## Supplemental Material for Garcia, Zoller and Anisimova, 2018

dataset

posted on 15.08.2018 by Victor Garcia, Stefan Zoller, Maria Anisimova#### dataset

Datasets usually provide raw data for analysis. This raw data often comes in spreadsheet form, but can be any collection of data, on which analysis can be performed.

**Figure S1**Average relative frameshifted sequence length, l, across within relative gene length. Averages of the length of the frameshifted sequence after a slippery site are computed for 20 bins of equal width. Bins span the entire gene.

**Figure S2**Frequency distribution of relative position of slippery sites l/L for all genes with -1 PRF signals in the PRFdb dataset. The mean of the distribution, as well as its 95% confidence intervals, are smaller than 0.5 -the expectation under randomly distributed slippery site locations.

**Figure S3**Testing the cost of -1 PRF mechanism maintenance. A) Number of slippery sites per gene and per nucleotide across protein expression levels (in molecules per cell) for genes from the integrated PaxDB data set.

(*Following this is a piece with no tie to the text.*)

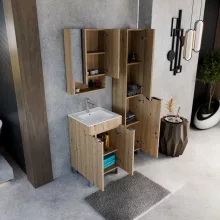 HD Paris Oak 50 álló mosdószekrény fényes króm elemekkel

The red dotted line is the average number of slippery sites per gene. The blue line is a regression line through the data set. The text in the panels gives i) the Spearman correlation coefficient r and the p-value for the null-hypothesis that the correlation is zero and ii) the slope of the line and the p-value of the t-test for a non-zero slope value. B) The frequency distribution of the within-gene positions of the slippery sites, relative to the length of the gene, l/L. To ensure comparability, only genes from the von der Haar data set are considered. The mean of the distribution, as well as its 95% confidence intervals, are smaller than 0.5 -the expectation in the absence of selective pressure. C) Slippery site positions relative to gene length across protein expression levels in the von der Haar data set. The red line is the average slippery site position (computed across 20 bins of equal width in logarithmic scale) and the widgets are the uncertainty (1.96 standard error of the mean) around the average estimate. Averages with large uncertainties are in violet. Analogously to A), a regression line with the corresponding correlation coefficient r (with p-value) and slope (with p-value) are added.

**Figure S4**Codon Adaptation Index (CAI) frequency distributions of genes without -1 PRF signals (CAI of ORF) and with such signals (CAI of -1 PRF mRNA). The p-value given in the figure is for the two-sample Kolmogorov-Smirnov test for the two distributions.

**Figure S5**Spearman rank correlation values between corrections of CAI to -1 PRF presence ( ˆIc, Ia) to protein expression levels P von der Haar (2008) for different -1 PRF efficiencies.